Start of operation
First unit started operation in 1996
Raw water pre-treatment plant
Data management system
Black & Veatch
Ash Disposal pipeline design
Ash and dust handling system
Four 350MW generating units, turbines running at 3000 rpm
Fitted with low NOx burners
20kV stepped up to 275kV
4 million tons of low sulphur black coal/year
The coal fired Stanwell Power Station is generating 1400MW from a site 22km west of Rockhampton in Central Queensland, Australia. The A$1.6bn project was commissioned between 1992 and 1996, and is located on 1,600 hectares of land. There are four 350MW generating units, housed in a 20-storey boiler house and a turbine hall. The infrastructure was built to withstand cyclonic winds, and construction took seven years.
The power station is owned by Stanwell. It is highly automated, and in 2002 Unit 4 set a world record for 1,073 days of continuous operation. The power station has a 210m high chimney stack and two 130m high cooling towers that are 100m in diameter. Supplying 1.5 million homes, the power station is Stanwell’s largest operating site. It is set in a 3,500 hectare industrial development site, Stanwell Energy Park, which has the potential to become one of Australia’s largest industrial precincts.
4 million tons of coal burnt each year
When operating at full load, Stanwell Power Station burns about 4 million tons of coal a year. Low sulphur black coal from various Central Queensland mines is transported via rail to the station. The coal is stockpiled until required in the boiler bunkers.
Each of the boiler bunkers holds around 350 tons of coal. A feeder regulates the flow of coal from the bunkers to pulverisers. Six pulverisers (mills) for each unit grind the coal into a fine powder. The powdered coal is then mixed with warm air and burnt. The gases, ash and particles from the burnt coal are drawn through two electrostatic precipitators per unit. Charged plates collect the ash, dust, and fine particles out of the gas. The particles are attracted to the plates, then collected in hoppers and are carried away by a conveyor belt.
The particulate matter is passed to silos, where it is mixed with water and ash. This creates a slurry that is pumped to the ash disposal area. The slurry dries hard like cement, with low amounts of water in the ash reducing the risk of water table contamination. A re-vegetation project is being carried out on the disposal area. The power station is improving waste management practices, including selling fine-grade ash for use as cement extender. The gases that pass through the precipitators are discharged up the chimney. There are four flues within the chimney – one for each unit.
Low NOx burners
Each of Stanwell’s four units has a boiler with about 200km of tubing. The boilers are fitted with low NOx burners. Steam from the boiler is heated to 541°C in the superheater and passes through high-pressure pipework to the turbine. Superheated steam passes from the boiler through the turbine. The steam pressure drops from about 17,000kPa to about 12kPa absolute. That causes the turbine to rotate at 3000rpm.

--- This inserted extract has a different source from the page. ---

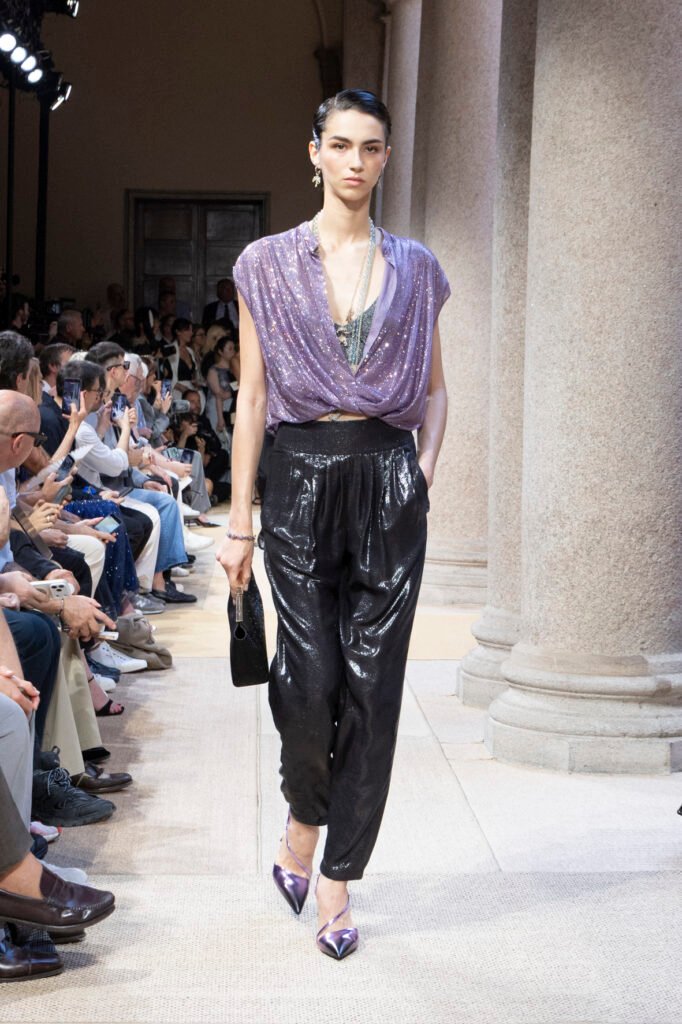 A-model-walks-the-Giorgio-Armani-Cruise-2027-runway-in-a-draped-lilac-sequin-top-and-shimmering-black-trousers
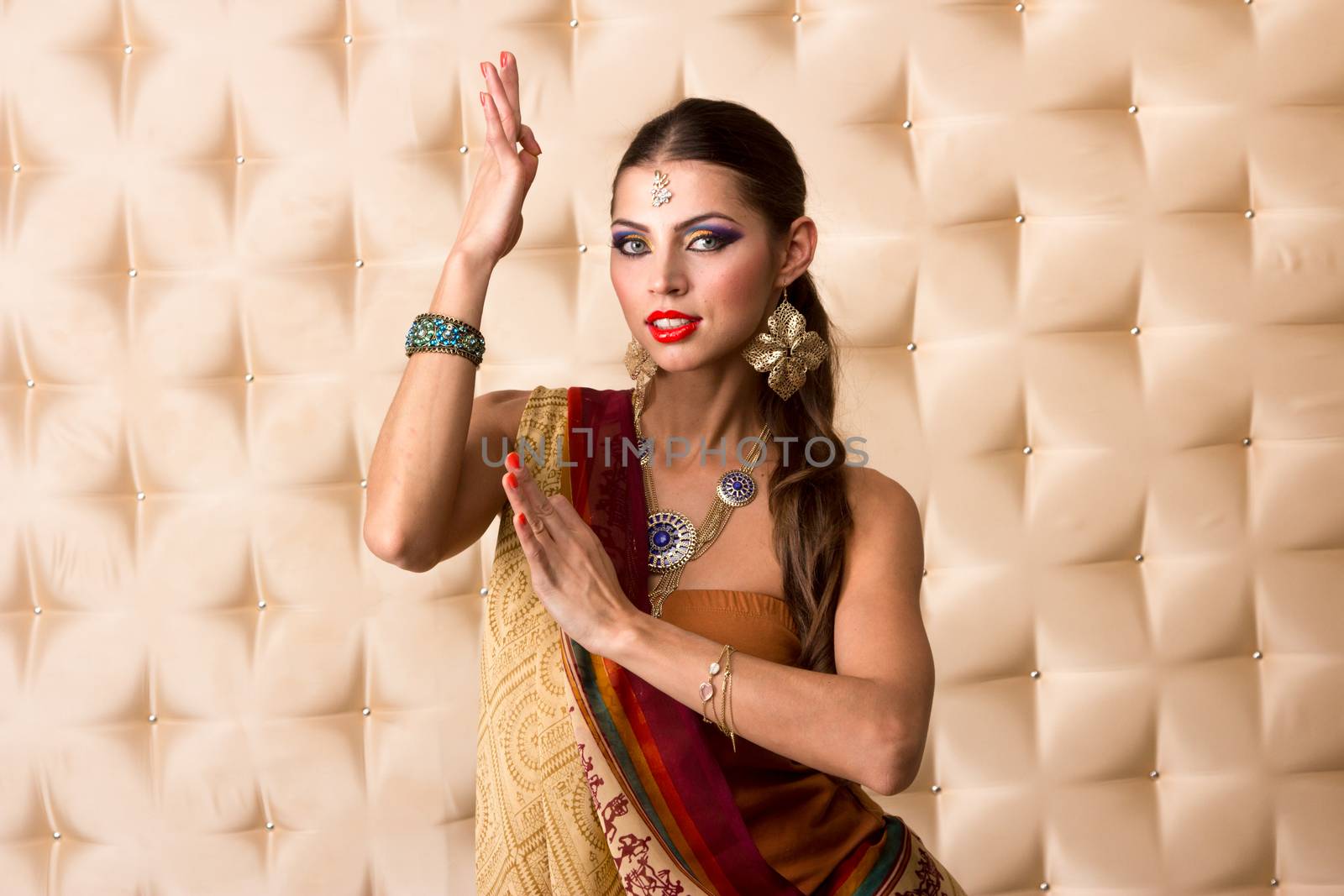 European woman posing in Indian Style, isolated on  white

Once used, the steam is condensed and pumped back to the boiler. After circulating in the condenser, the cooling water – now about 10°C hotter, flows back to the cooling tower. This water is cooled by air and then falls back into the bottom of the cooling tower to be recycled through the condenser. Cooling water comes from the Fitzroy River.
Energy is produced at 20kV, increased to 275kV by the generator transformer before being passed to the Queensland electricity grid. Power enters the grid at the Stanwell switchyard.
Seed orchard on adjacent land
The Stanwell Seed Orchard is located on land adjacent to the power station. The seed orchard is a partnership between Stanwell and Forestry Plantations Queensland (formerly Department of Primary Industry – Forestry) and is project managed by Forestry Plantations Queensland. When production peaks, the orchard will produce 85 million seeds each year.
Stanwell is investigating an integrated gasification combined cycle, geosequestration, and the feasibility of using grey water from the Rockhampton sewerage works.